### [AIM OF THE TASK]
Using the listing below, set down each line from the line containing "-潮一不贰·法式甜品·生日蛋糕·西式简餐(外滩店)" through the line containing "Casoncellli colorati allo", both ends included, exactly and with nothing added.

### [MATERIAL PROVIDED]
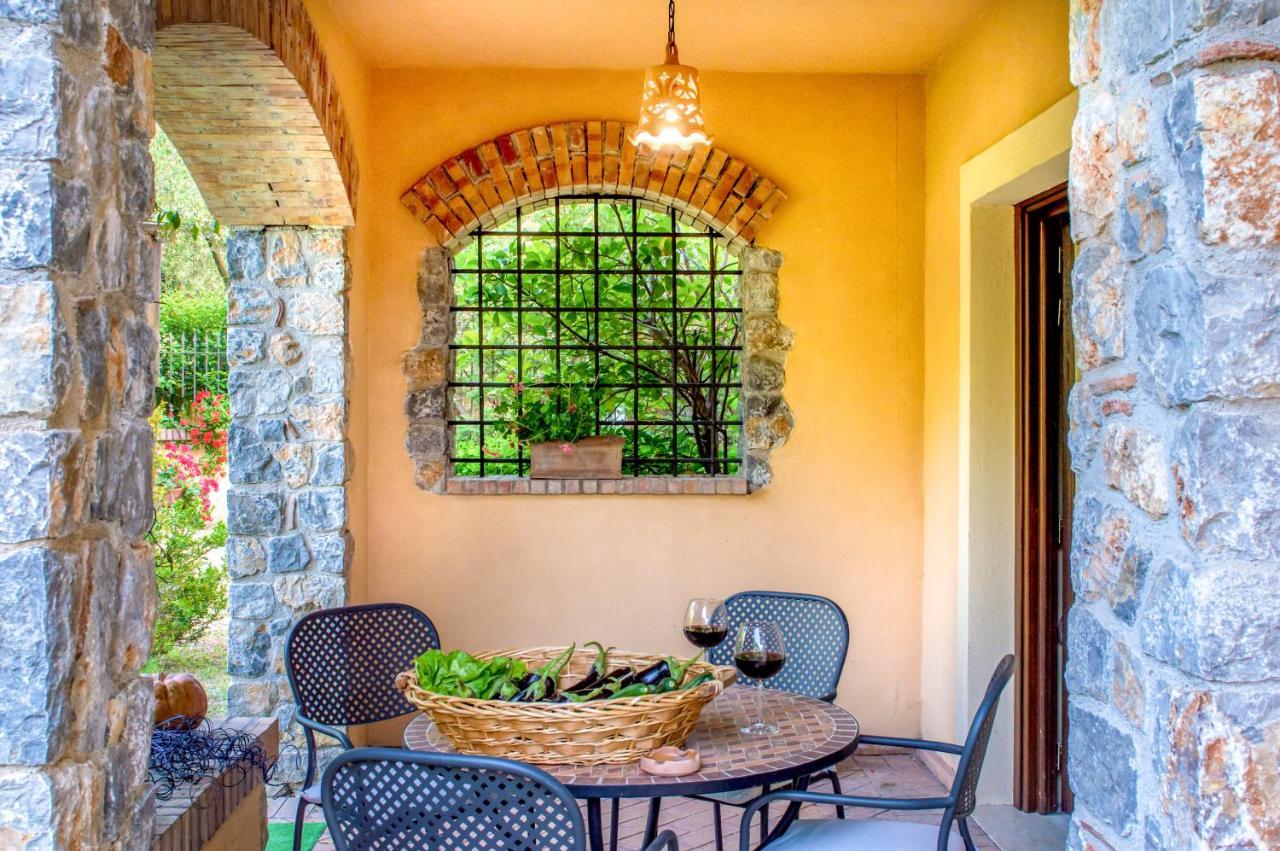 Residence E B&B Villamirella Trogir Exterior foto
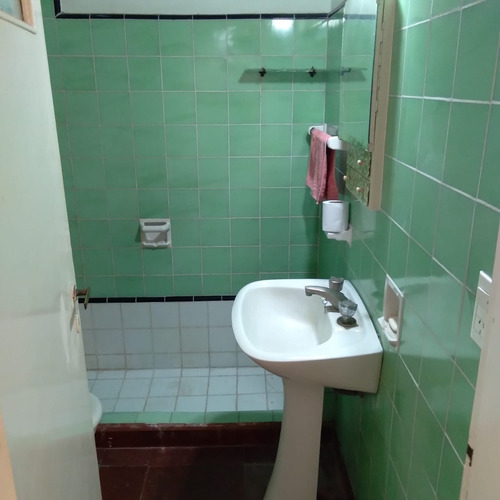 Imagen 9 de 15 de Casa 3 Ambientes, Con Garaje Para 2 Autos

* * *

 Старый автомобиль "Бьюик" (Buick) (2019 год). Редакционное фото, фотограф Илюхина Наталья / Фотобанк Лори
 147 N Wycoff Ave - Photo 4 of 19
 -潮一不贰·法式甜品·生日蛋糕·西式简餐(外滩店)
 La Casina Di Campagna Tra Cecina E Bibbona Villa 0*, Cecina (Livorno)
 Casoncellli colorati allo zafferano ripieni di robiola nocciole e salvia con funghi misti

### [ANSWER TO THIS EXERCISE]
 -潮一不贰·法式甜品·生日蛋糕·西式简餐(外滩店)
 La Casina Di Campagna Tra Cecina E Bibbona Villa 0*, Cecina (Livorno)
 Casoncellli colorati allo zafferano ripieni di robiola nocciole e salvia con funghi misti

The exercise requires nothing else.